After hearing testimony from Patricia Alatorre’s family on Tuesday, the man who raped and killed the 13-year-old was sentenced to life in prison without the chance of release. Last month, 26-year-old Armando Cruz pled guilty to first-degree murder, rape, and other crimes related to the death of Patricia.
“He is a monster”- Patricia’s mother says
Clara Alvarez, Patricia’s mother, wrote a letter saying that all she has left of her daughter now are memories. She often imagines what Patricia would look like if she were still here. Alvarez wrote that Cruz, whom she frequently called a “monster,” deserved to spend the rest of his life behind bars. She described the child killer’s character as “a cruel and ugly sick-minded person who should never see the light of day again.”
A neighbor’s surveillance footage from the evening of July 1, 2020, shows Patricia, who had been reported missing, getting into a white pickup. Later, conversations on her Instagram account with a man who insisted she meet him were uncovered.

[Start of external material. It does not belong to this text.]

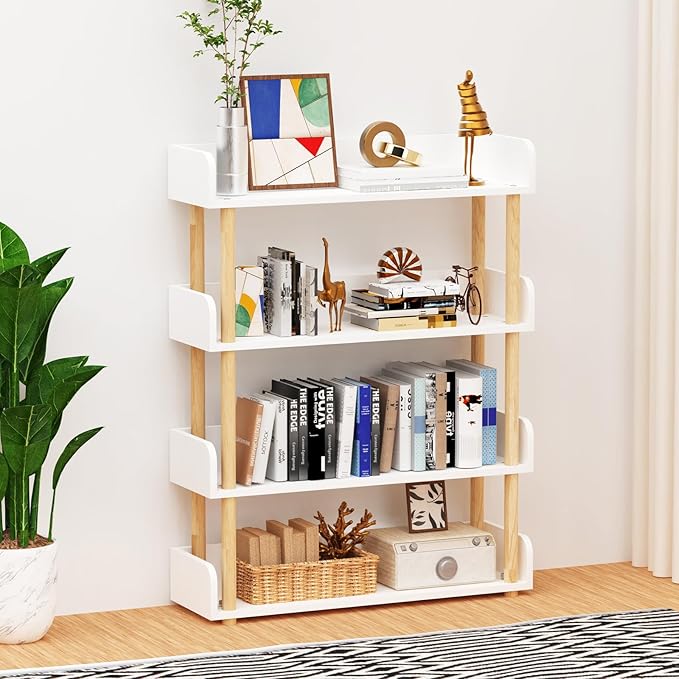 4-Tier Wooden Bookshelf, Modern Open Bookcase with Top Edge and Solid Wood Frame, Freestanding Bookshelf Storage Organizer for Home Office Living Room - LeafyLoom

Court records show that police arrested the suspect, identified as Cruz, at his Inglewood residence a few days after the teen’s murder.

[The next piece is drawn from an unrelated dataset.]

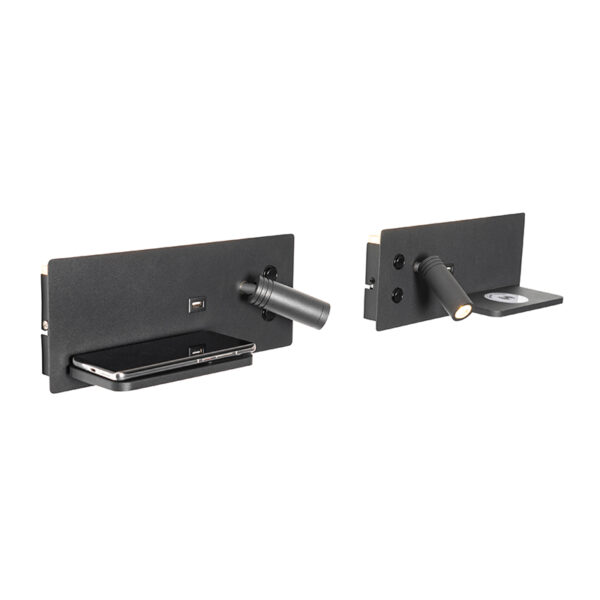 wandlampen Set van 2 wandlamp zwart incl. LED met USB en inductielader Riza Staal Zwart Wil jij een moderne uitstraling Shop dan de Deze set gemaakt staal in
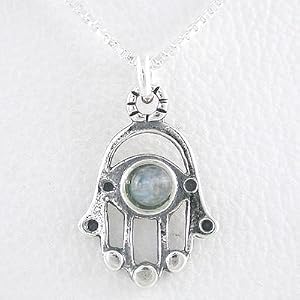 Hamsa Hand Pendant with Rainbow Moonstone Gemstone in Sterling Silver on a 16" Sterling Box Chain, #8376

Cruz reportedly gave a detailed account of the teen’s murder. He led police to her abandoned phone and the construction site where he dumped and burned her body.
Vivianna Alatorre, Patricia’s sister, said the funeral had to be private because of their religious beliefs.
An expected punishment for an unforgivable crime
Vivianna Alatorre testified that Patricia was her dearest friend. Her loss altered her perspective. They had to move, and she’s always worried about being attacked or abducted whenever she goes outside. “Having a sibling slain profoundly influenced me,” she stated. “It alters your very being.” Cruz sat calmly for the hearing, staring at the defense table.
After leaving the courthouse, Alvarez was followed by more than a dozen extended family members. She was leaning on the building wall and crying. In exchange for Cruz’s guilty pleas and a stipulated life sentence without parole, the District Attorney’s office dropped its pursuit of the death penalty.